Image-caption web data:
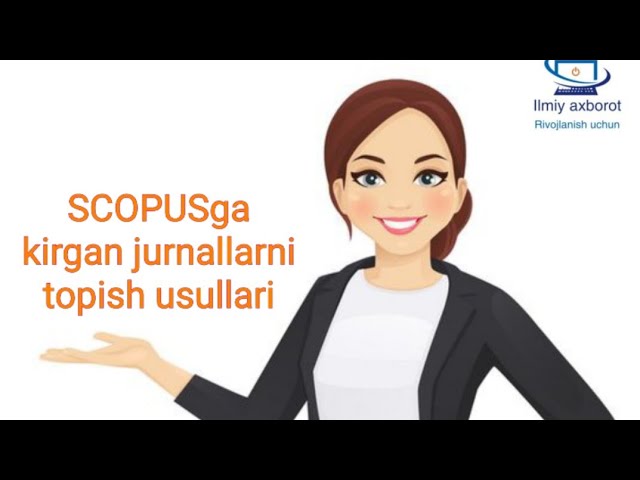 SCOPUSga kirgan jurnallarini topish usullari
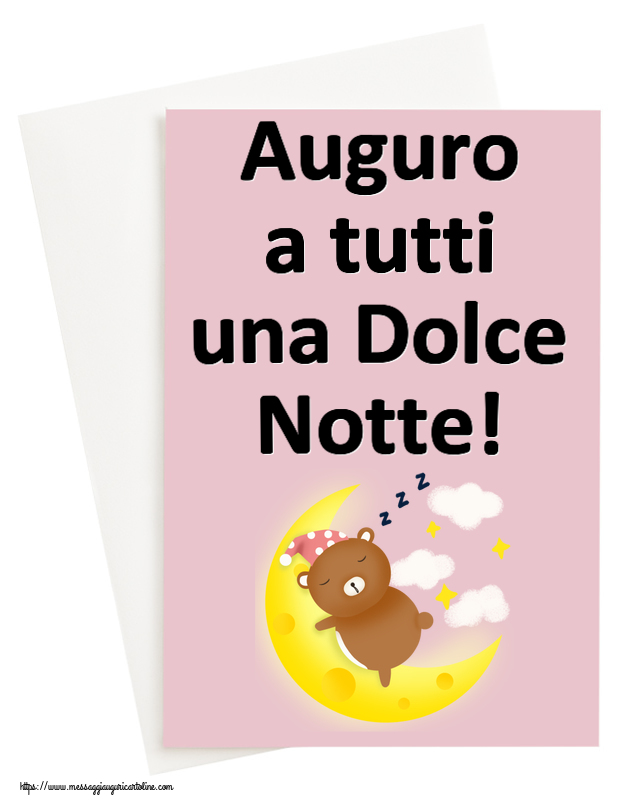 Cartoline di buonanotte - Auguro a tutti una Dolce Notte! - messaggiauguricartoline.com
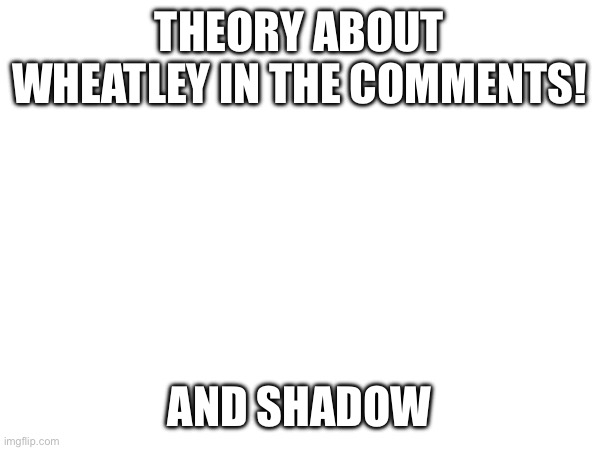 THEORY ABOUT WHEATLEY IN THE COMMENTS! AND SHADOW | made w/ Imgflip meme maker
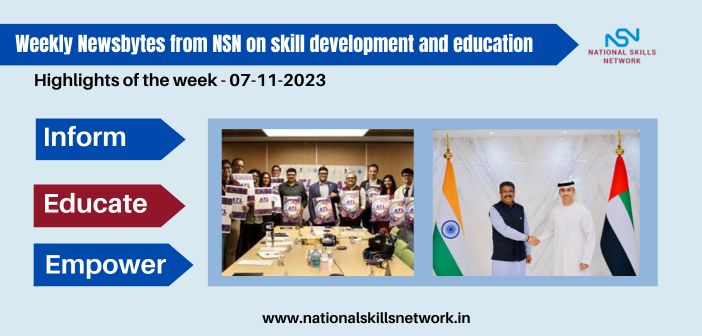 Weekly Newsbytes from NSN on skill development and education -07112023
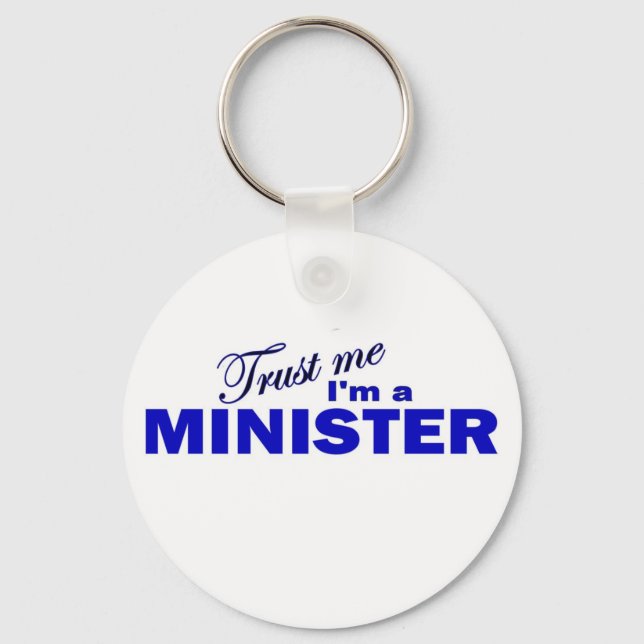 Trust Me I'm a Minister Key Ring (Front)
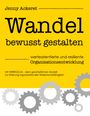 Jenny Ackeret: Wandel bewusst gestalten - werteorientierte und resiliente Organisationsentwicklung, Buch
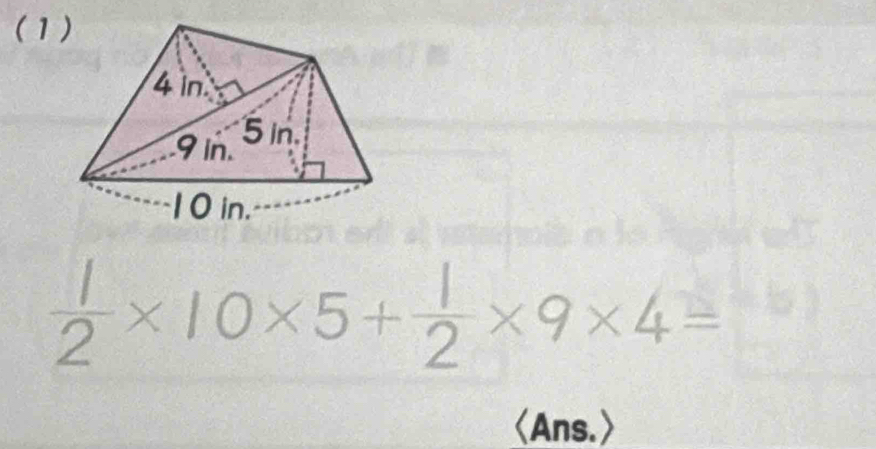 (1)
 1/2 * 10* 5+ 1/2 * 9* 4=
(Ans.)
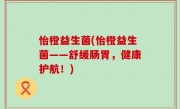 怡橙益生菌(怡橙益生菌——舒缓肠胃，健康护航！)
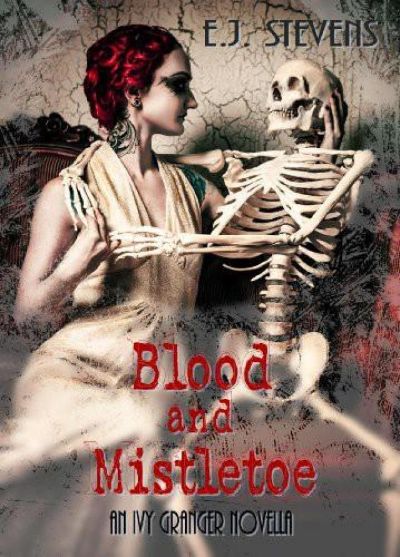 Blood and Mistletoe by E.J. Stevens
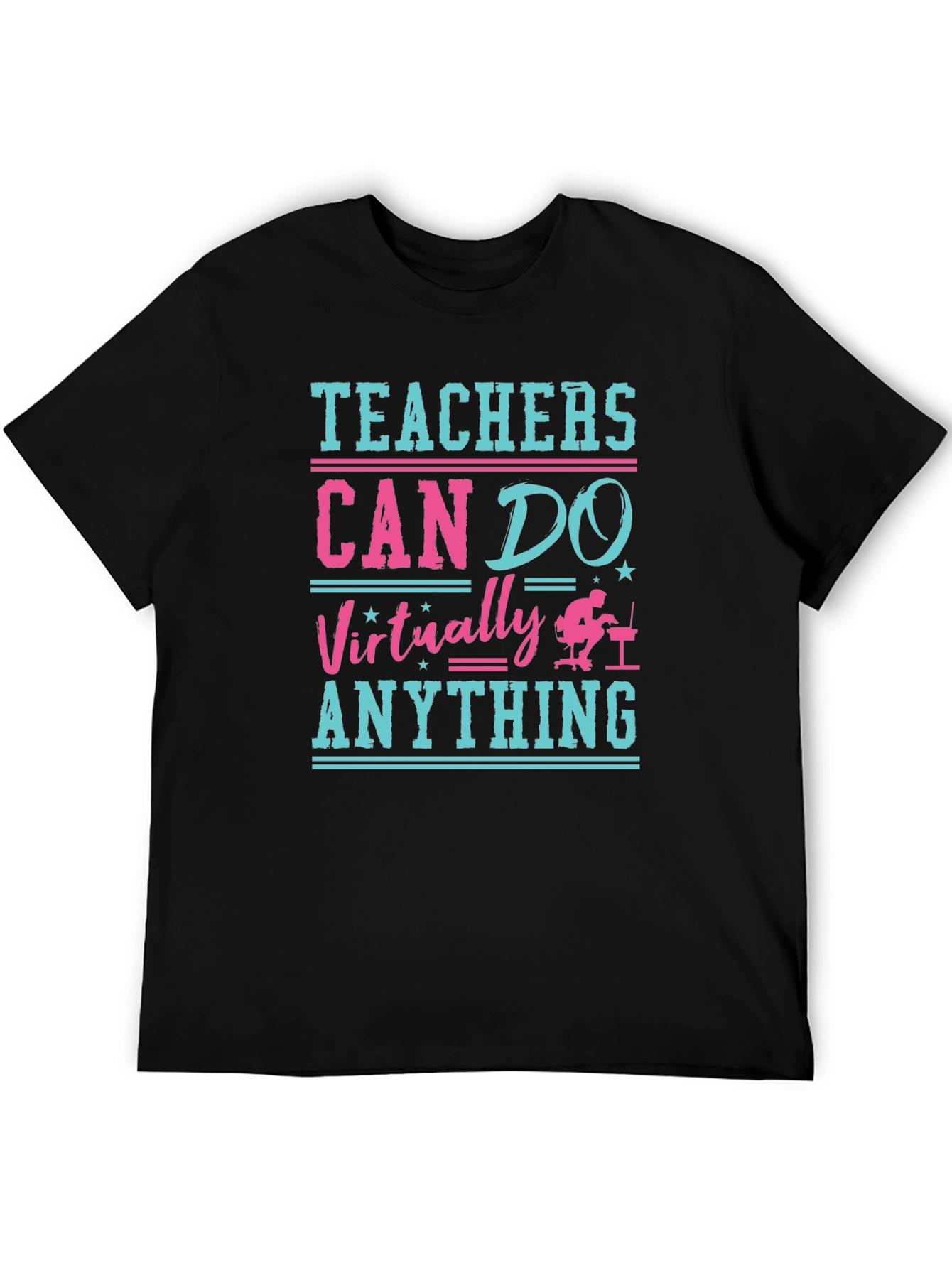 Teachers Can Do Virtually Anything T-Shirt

* * *

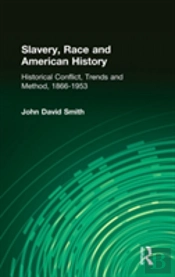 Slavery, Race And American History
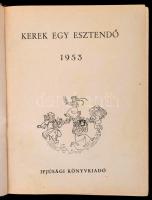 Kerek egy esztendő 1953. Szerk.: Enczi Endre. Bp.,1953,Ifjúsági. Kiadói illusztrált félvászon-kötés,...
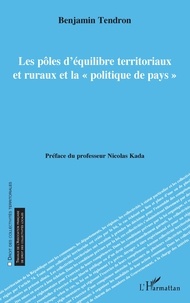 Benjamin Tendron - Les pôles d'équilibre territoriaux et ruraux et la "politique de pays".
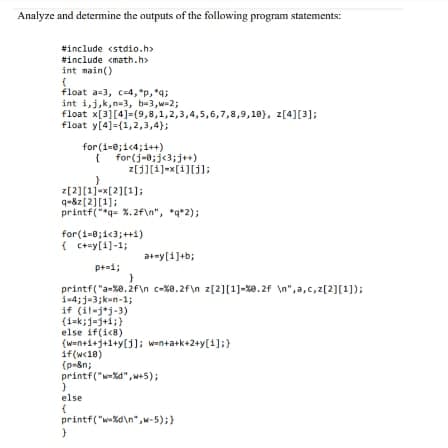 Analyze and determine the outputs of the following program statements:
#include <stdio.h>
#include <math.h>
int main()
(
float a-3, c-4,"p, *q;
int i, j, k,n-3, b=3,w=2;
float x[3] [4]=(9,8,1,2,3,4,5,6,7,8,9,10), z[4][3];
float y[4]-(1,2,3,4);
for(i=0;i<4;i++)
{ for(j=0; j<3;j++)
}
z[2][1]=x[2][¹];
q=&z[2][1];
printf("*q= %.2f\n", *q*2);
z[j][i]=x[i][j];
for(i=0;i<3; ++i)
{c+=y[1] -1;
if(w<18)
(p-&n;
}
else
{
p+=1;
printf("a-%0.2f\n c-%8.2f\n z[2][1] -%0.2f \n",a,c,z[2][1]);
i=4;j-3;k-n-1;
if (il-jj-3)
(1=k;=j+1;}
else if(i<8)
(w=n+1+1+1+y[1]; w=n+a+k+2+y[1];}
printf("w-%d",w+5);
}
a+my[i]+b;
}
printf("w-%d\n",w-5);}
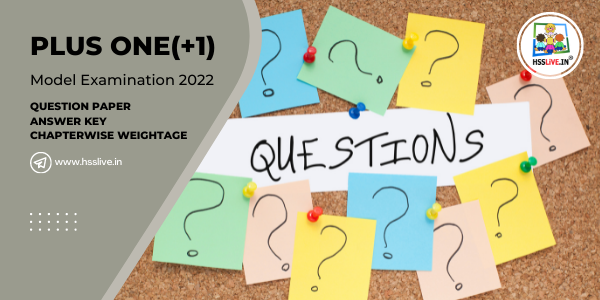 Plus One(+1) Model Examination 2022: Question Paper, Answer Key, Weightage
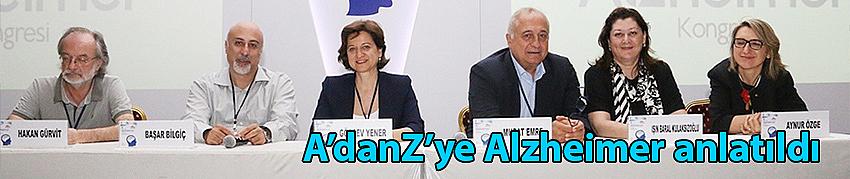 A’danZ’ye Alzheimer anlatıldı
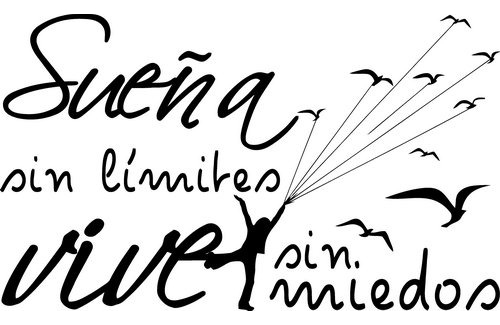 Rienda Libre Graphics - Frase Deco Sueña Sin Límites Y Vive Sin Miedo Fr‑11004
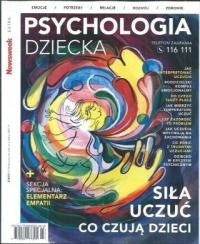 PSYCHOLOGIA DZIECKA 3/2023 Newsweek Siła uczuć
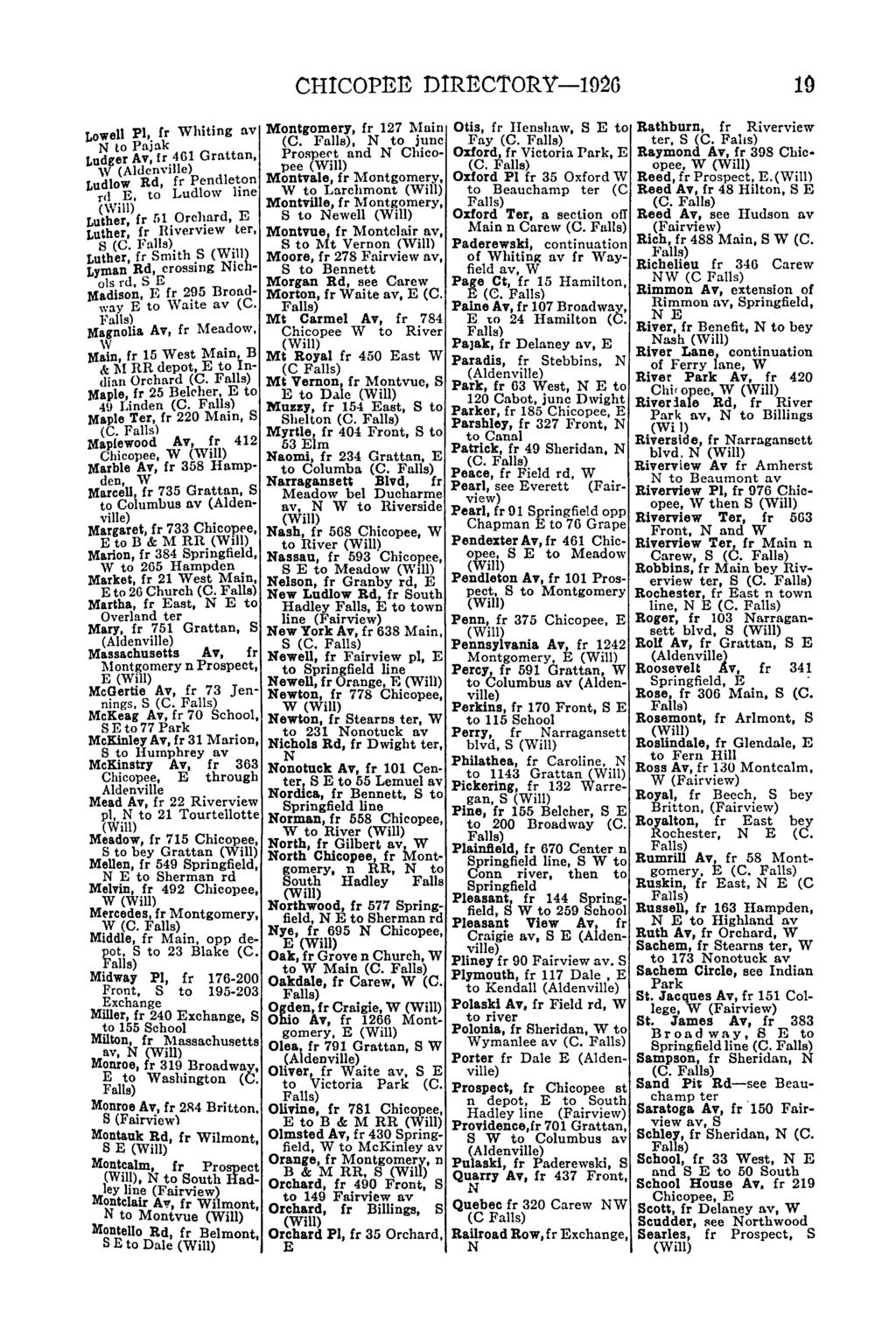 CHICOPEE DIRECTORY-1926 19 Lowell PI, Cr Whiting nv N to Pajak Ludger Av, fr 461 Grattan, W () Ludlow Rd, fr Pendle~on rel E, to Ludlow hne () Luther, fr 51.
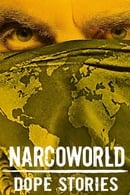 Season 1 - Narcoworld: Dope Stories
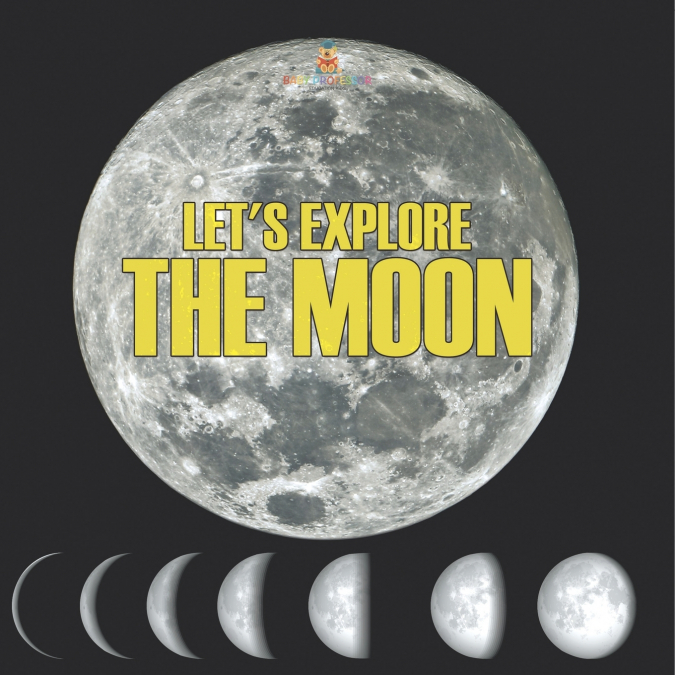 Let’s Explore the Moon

▶ **Exercise prompt**
Repeat only the stretch of data above that runs from the line with "SCOPUSga kirgan jurnallarini topish usullari" to the line with "怡橙益生菌(怡橙益生菌——舒缓肠胃，健康护航！)". Keep both end lines; exclude pictures.

▶ **Answer to this exercise**
 SCOPUSga kirgan jurnallarini topish usullari
 Cartoline di buonanotte - Auguro a tutti una Dolce Notte! - messaggiauguricartoline.com
 THEORY ABOUT WHEATLEY IN THE COMMENTS! AND SHADOW | made w/ Imgflip meme maker
 Weekly Newsbytes from NSN on skill development and education -07112023
 Trust Me I'm a Minister Key Ring (Front)
 Jenny Ackeret: Wandel bewusst gestalten - werteorientierte und resiliente Organisationsentwicklung, Buch
 (1)
 1/2 * 10* 5+ 1/2 * 9* 4=
(Ans.)
 怡橙益生菌(怡橙益生菌——舒缓肠胃，健康护航！)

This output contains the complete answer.